Ionage indie developer Tim Wicksteed has shared five pitfalls for developers to avoid when creating a free-to-play game.
Speaking at the F2P Summit, Wicksteed delivered a postmortem of his space strategy title Ionage, and how he learnt how a game "isn't about you, it's about your users".
He said one of the first mistakes he made was to worry about the wrong audience. Focusing Ionage as a free-to-play title for core users, Wicksteed made all in-app purchases permanent, rather than consumable. Although this worked well for some players, he said this alienated the more casual free audience, who felt locked out of the game's features.
"I was worried about the wrong audience, the core side," he admitted. "They are important don't get me wrong, but I built my IAP structure around these guys, rather than the casual side, which is harder to please."
Wicksteed also spoke of the importance of social integration, which he originally saw as a liability, rather than an opportunity, through fear of spamming people's social networks.
"I look at the way I think about social, that it will annoy them, and didn't see the opportunities to add value for users," he said.
"Adding social mechanics and letting friends cooperate can be win-win, It can add value to your game.
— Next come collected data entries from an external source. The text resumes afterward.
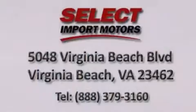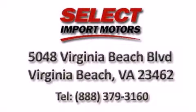Come in to see more vehicles like this one and enjoy our first-class service. Call to speak with a friendly salesman.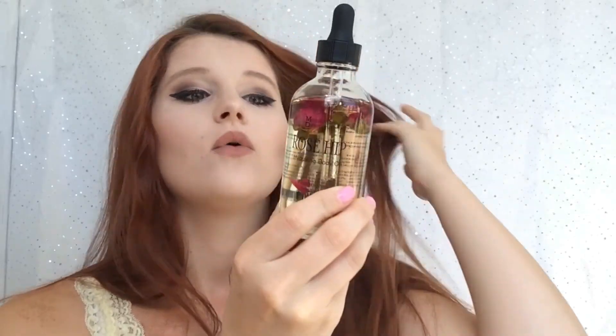I got this from TJ Maxx for maybe $4.99 or $5.99, somewhere around there. Usually I think Sephora carries a rose oil for the face which probably costs so much more, but this one is less than $10. It's four fluid ounces, it's enough, and it comes with a pump so you have easy access to it.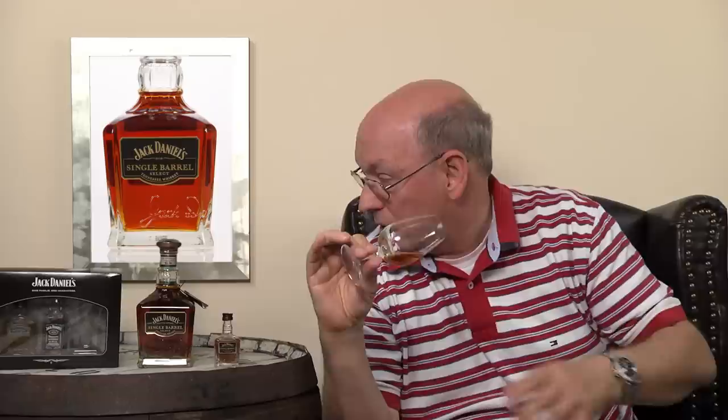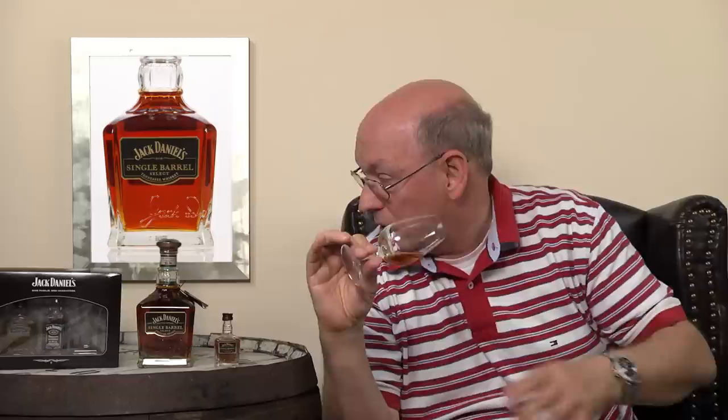It's also darker in color, so it might have been resting in the cask for a longer time than the others. The Gentleman Jack is much lighter in color, because the filtering process after maturation also removes a lot of substances which are associated with color.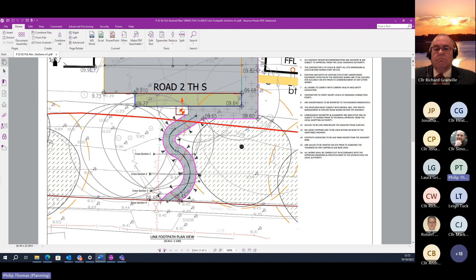No further comments have been received from the Town Council to the re-consultation that we undertook on the basis of revised plans that were submitted. Members will note the support for the proposed link from the Highway Section. However, objections to the development have been received from residents and they are summarized on page 90 of the report.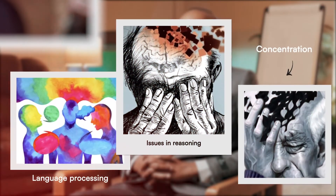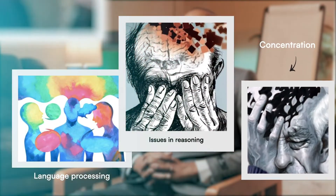A person with dementia will not only have some memory issues but also issues with language processing, issues in reasoning, concentration, and spatial awareness.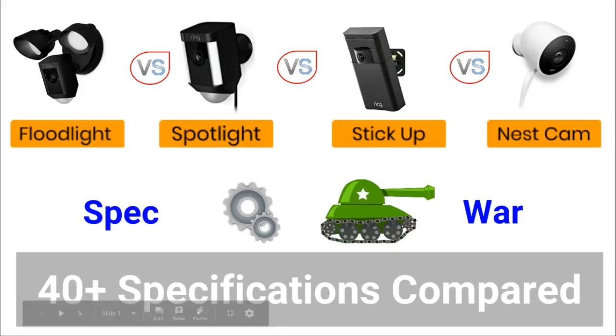Hello everyone and welcome to another product comparison video brought to you by James from MySmarterHome.com. Today I am comparing four outdoor security cameras: the Ring Floodlight versus the Ring Spotlight versus the Ring Stick Up Cam versus the Nest Outdoor Camera.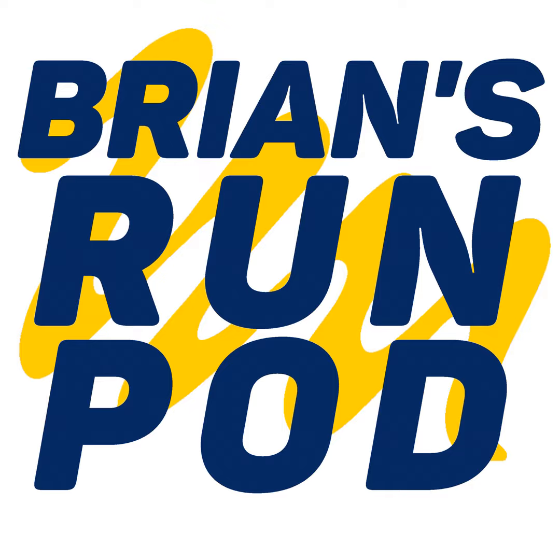So you're thinking about running, but not sure how to take the first step. My name's Brian Patterson, and I'm here to help. Welcome to Brian's Rumpod.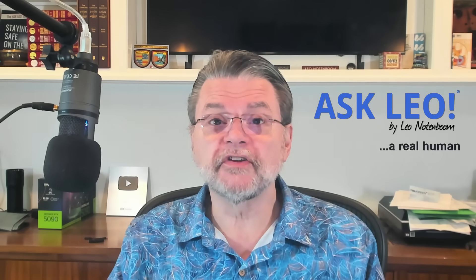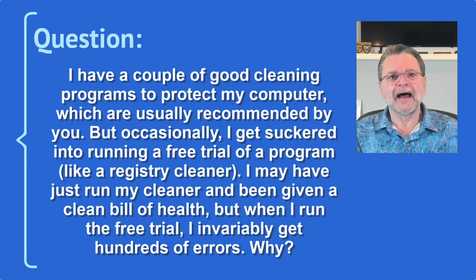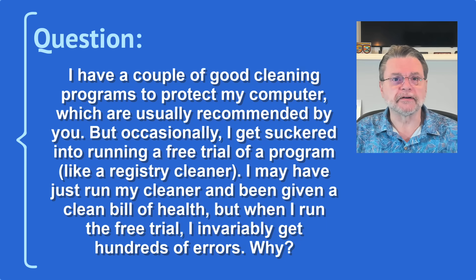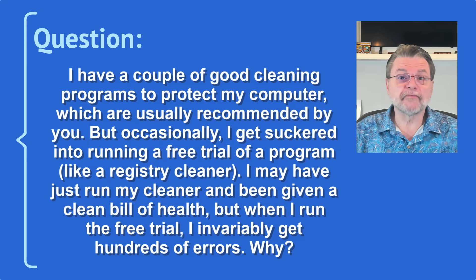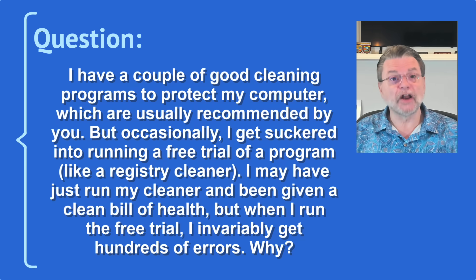Why do system cleanup utilities report so many errors on a supposedly clean system? Hi everyone, Leo Notenboom here for AskLeo.com. It was a question I got some time ago. I have a couple of good cleaning programs to protect my computer, which are usually recommended by you. But occasionally I get suckered into running a free trial of a program like a registry cleaner. I may have just run my cleaner and been given a clean bill of health, but when I run the free trial, I invariably get hundreds of errors. Why?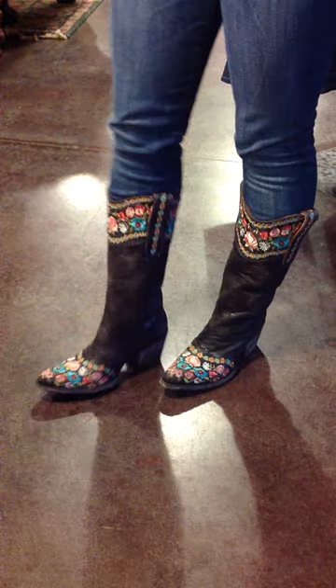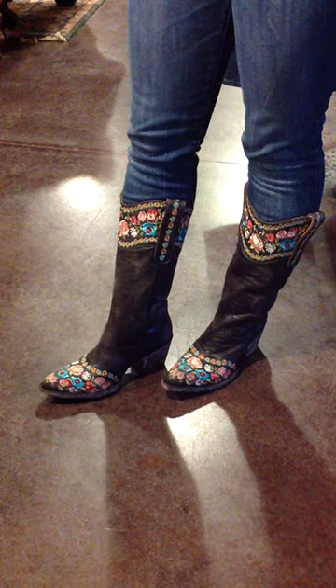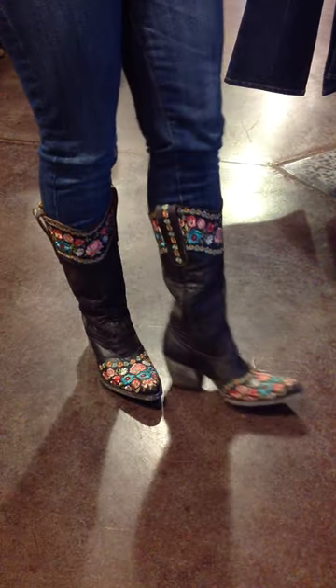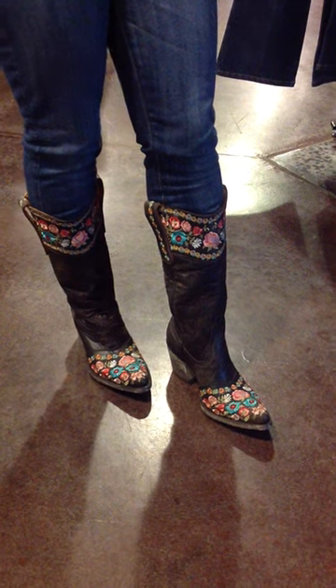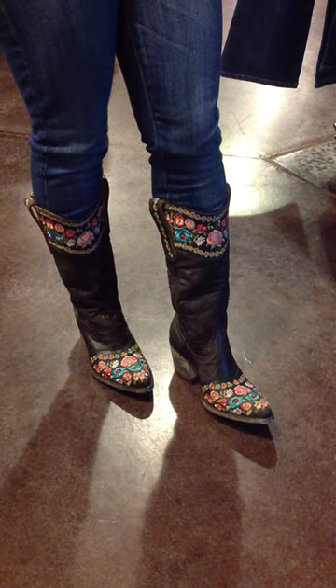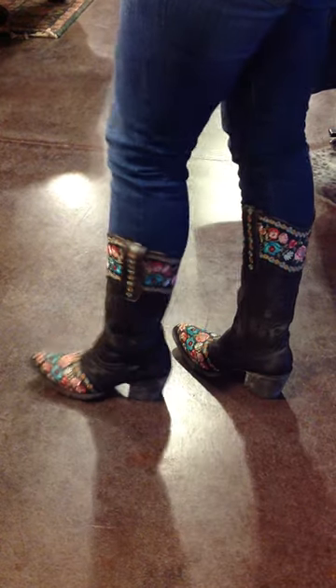Hey guys, this is Lauren with River Trail in North Carolina, and you're looking at the Old Gringo Gala Boots in Chocolate. Really pretty dark chocolate brown leather with floral embroidery in blue and red, a little bit of pink. Really cute pair of boots. They end in a round pointed toe, and they've got a stacked heel in the back.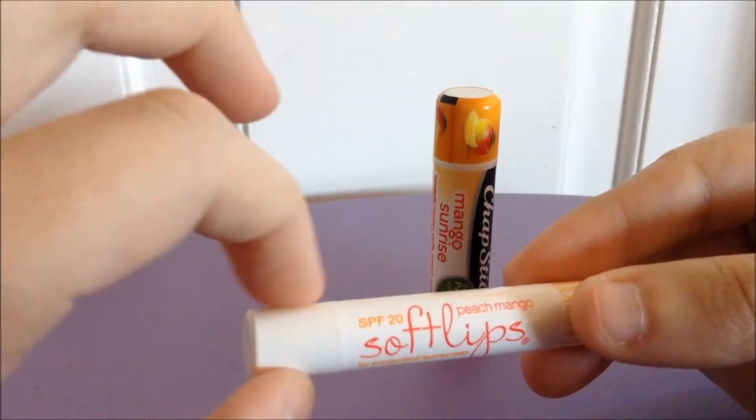The sturdiness factor — the ChapStick is very sturdy and I trust it to hold up in a purse. The Soft Lips I don't. It feels really flimsy at the back end, and I honestly thought I was about to break it when I first got it. I mistook the twisty wheel for the cap, and it was wiggly like that from the get-go, so it's definitely less sturdy.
It adds viraliity as it encourages to share with your friends."
Offering a third piece of advice for developers, Wicksteed suggested writing articles for game publications to help indirectly publicise your game. He explained it was difficult to get coverage for a mobile game on the big gaming sites, particularly if you only have a few contacts, and writing content enabled him to also gain industry contacts.
"I super recommend this. Since the beginning of the year I started writing articles. It was one of the best decisions I ever made. It's great for free promotion and getting industry people to be aware of you. It's actually the reason I'm here today," he said.
He added another mistake he made for Ionage was not to value his game highly enough. When the title had generated 12,000 organic users, he said he had only made £700 through in-app purchases. Wicksteed claimed had he offered to send some of his traffic to another title for a company acquiring users,the title could have potentially made much more money.
He noted that while permanent items are valid, a few consumable items will increase the lifetime value of a game.
Lastly, Wicksteed said he did not allow users to contribute to the success of the game, either via through clickable in-game ads, user-generated content or sharing the title socially, as he discussed earlier.
"If i'd made it easier for users to make those time-based contributions to the game - such as a screenshots, or sharing the loadout of upgrades - If i made it easier for my users to share that information, it makes it easier for everybody."